The Supreme Court’s Decision. Reversing the Court of Appeals and remanding the case, the Supreme Court went further and held that not only positive knowledge of further deliveries to Germany gives rise to liability. In addition, the supplier may also be liable for patent infringement if there are sufficiently specific facts that make it seem likely that its customers will further deliver the infringing products to Germany. The supplier is not generally obliged to investigate or control the further use of the products by its customers. It is obliged, however, to investigate the circumstances of the case if there are specific reasons to believe that its customer’s further use may result in patent infringement by delivering the products to Germany. The mere abstract possibility of the customer delivering the goods to Germany, however, is not sufficient; concrete facts indicating that this is actually the case are required. This is the case, for instance, if the amount of products delivered is so huge that it can hardly be distributed only within markets where there is no patent protection. Under such circumstances, the supplier can no longer have confidence in its customer not infringing patent rights in Germany. In fact, the supplier is obliged to ask the customer about deliveries and offers in Germany and, as a precautionary measure, to point out potential patent infringement. If the customer does not provide a satisfactory response, the supplier—by continuing to deliver the products to its customer—will be deemed an infringer in addition to the customer’s subsequent patent infringement in Germany even though the delivery of products takes place outside of Germany.

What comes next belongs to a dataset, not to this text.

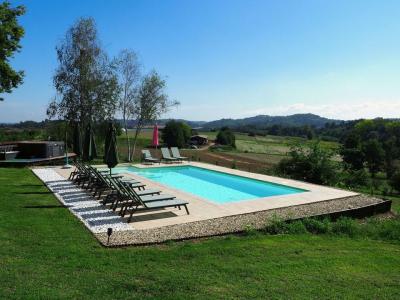 Private villa or B & B near Asti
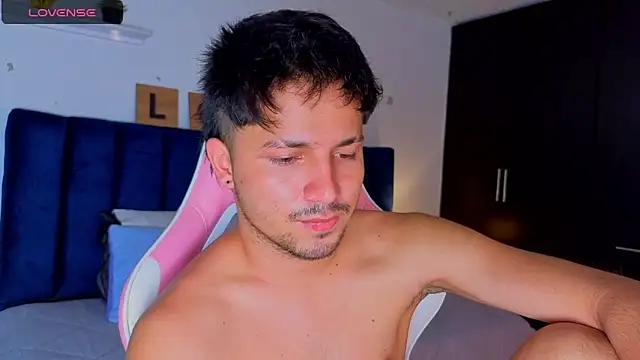 Issac_james_ Pertunjukan Webcam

In the matter to be decided there was a significant discrepancy between the total number of products delivered to Germany and the number of products delivered directly to Germany by the defendant itself. In the first instance, the defendant had also stated that an injunction would have a devastating impact on its business within Germany. As it turned out, its actual business with German costumers directly was negligible. The German Supreme Court deduced from this statement that the products must have been put on the German market on a large scale by the defendant’s customers and that the defendant must have been aware of these facts. As a result, the Court held that “it could hardly be denied that there were specific facts for deliveries to Germany.”

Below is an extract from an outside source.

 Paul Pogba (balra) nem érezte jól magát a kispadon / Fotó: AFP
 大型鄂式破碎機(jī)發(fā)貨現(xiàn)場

With that ruling the case was remanded to the Court of Appeal in order to investigate the relevant facts, including whether there were specific enough reasons for the defendant to believe that its customers would further deliver the goods to Germany. The Court of Appeal will also have to investigate whether the defendant’s customers actually infringed the patent by delivering the goods to Germany or—at least—whether there was a risk of a first-time infringement. The Supreme Court also held that if that was the case, the defendant would need to render account about all sales to these customers, including those that did not end up in Germany, so that plaintiff is put into a position to evaluate and verify the defendant’s numbers. Finally, the Supreme Court tasked the Court of Appeals with taking into account this special situation when tailoring its injunction, though without providing much guidance on what that might entail.

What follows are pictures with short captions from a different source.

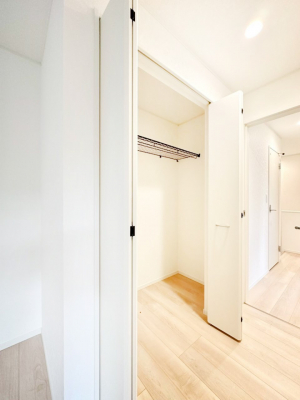 [@ߗނוȂǂ̎[ɕ֗ȃN[[bgtłB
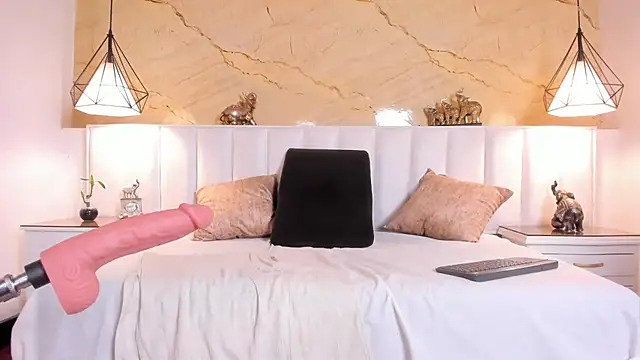 Megan Voss online show from October 3, 2025, 1:01 pm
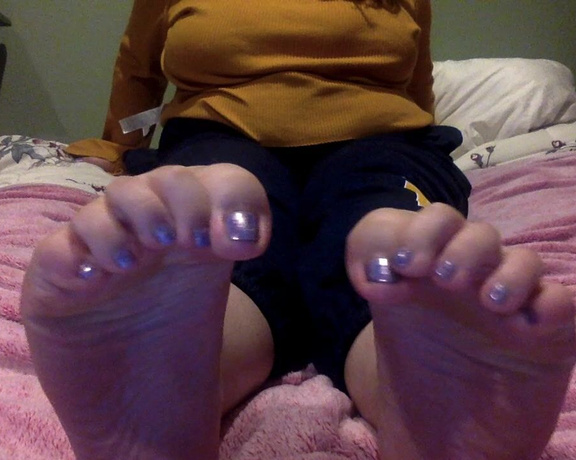 Ballbustingbitch - Soft Perfect Soles and Toes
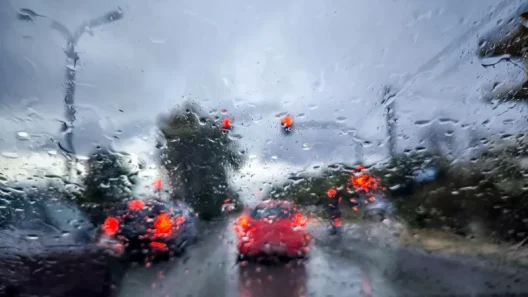 Καιρός: Βροχές, καταιγίδες και χαλαζοπτώσεις σήμερα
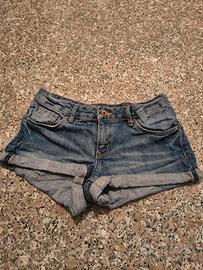 pantaloni corti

Conclusion. The decision shows that the liability of a foreign company for patent infringement in Germany does not require that the foreign company acts in Germany itself and directly. It does not even have to have positive knowledge of the behavior of customers based outside of Germany. Circumstances indicating that the company’s customers may infringe the patent by delivering the products to Germany can be sufficient to give rise to liability of the company. Thus, it is essential for the company to actively investigate the circumstances and inform its customers about possible patent infringements as soon as the company becomes aware of facts indicating infringing activities of its customers in Germany.